Inspiração Narrativa

Entre rúpias, cúrcuma e tuc-tucs

7 de dezembro de 2017

Nós somos felizes loucos por amor e fé em vários momentos em nossas vidas. E eu acho que, a julgar pelo nosso histórico, tendemos a gostar disso.

 

 

Mas para esse salto de amor e fé é necessário se entregar. Requer uma suspensão voluntária da descrença, uma negação de estatísticas, evidências empíricas e do bom senso.

Ao final de uma jornada, o que vimos e com o que voltamos é sempre uma história profundamente confusa. E, dessa vez, sentimentos tamanho controversos ofuscam, disfarçam e não permitem sequer o esboço de uma sentença.

Em nenhum outro local que estive houve tamanha desconexão entre o que é narrado pelas pessoas, o que eu esperava e o que vi e senti. Porque a Índia, uma vez que tomei consciência das pessoas e dos lugares, é muito diferente das minhas mais sinceras expectativas.

Durante minha empreitada pela Ásia não fui ingênuo sobre onde estava ou a realidade das situações. Porém, em meio a tanta miséria, caos e vidas entregues a fervorosidade religiosa, é difícil descrever um sabor estranho e intangível que se sente ao andar pelas ruas.

 

 

Existem dois tipos de visitantes na Índia.

Há aqueles que rapidamente se vêem frustrados, irritados, assustados com a comida, intimidados pela grande massa de gente, dominados pela pobreza tão evidente, desconfortáveis por receber olhares que parecem despir a alma e perplexos com o comportamento dos indianos. Como no primeiro dia de aula em uma escola nova, completamente amedrontados, torcem para que o tempo corra e então possam ir logo para casa.

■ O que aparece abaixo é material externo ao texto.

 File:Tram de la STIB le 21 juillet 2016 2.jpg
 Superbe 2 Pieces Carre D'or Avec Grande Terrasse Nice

“Porque diabos você está sorrindo?” “E eu já disse que não quero um Tuc-Tuc, caramba!”

Outros, acabam encantados.

 

 

Você precisa redefinir algumas palavras e questões quando viaja pela Índia. As cores; os aromas dos pratos; a magnitude dos fortes e palácios; o retalho de crenças, deuses e práticas religiosas do hinduísmo. Em diversos aspectos, esse é um país que desafia os poderes descritivos do cérebro humano e onde nem mesmo as fotografias podem oferecer justiça.

 

 

Eu odiei a Índia em um primeiro momento, mas hoje sinto saudades. Como o ex-veterano de guerra que já são sabe como lidar com a falta da excitação e adrenalina, comigo acontece o mesmo. Talvez eu simplesmente não soubesse como lidar com aquele lugar naquela época.

A Índia é uma terra que pode aquecer o seu coração em um dia e quebrá-lo no próximo. Um local onde a esperança é tratada de outra forma, mas conformada e menos trabalhada. Onde a vida, ainda que pairando sob uma nuvem espessa de dúvidas, segue na contramão do que estamos acostumados.

Existe uma série de questões que, quando abordadas apenas como “culturais” ou de “conexão espiritual”, acabam deixando ainda mais perguntas no ar. E no meu caso, levou muito tempo até que eu conseguisse desviar de interrogações que não possuem resposta clara.

Talvez seja o meu grau de ignorância sobre algo tão diferente.  Quem sabe o preço a se pagar por descobrir todos os mistérios desse lugar seja alto demais e beire a frustração. Provavelmente, sempre existirá a dúvida sobre o que ficou para trás. Eu não entendi nada, aprendi alguma coisa ou absorvi muito e estou demorando a digerir? Possivelmente, a resposta seja apenas aprender a conviver com isso.

 

 

De toda forma, na ausência das buzinas e sob a ligeira saudade das vozes oferecendo “chai” pelas estações de trem, o que aflora é um sorriso no canto da boca. Um sentimento bom, orgulhoso, sobre como foi estar do outro lado do mundo e ver com os próprios olhos como é a vida lá fora. A Índia é um país com um grande coração. A morada de deuses orgulhosos e humanos humildes.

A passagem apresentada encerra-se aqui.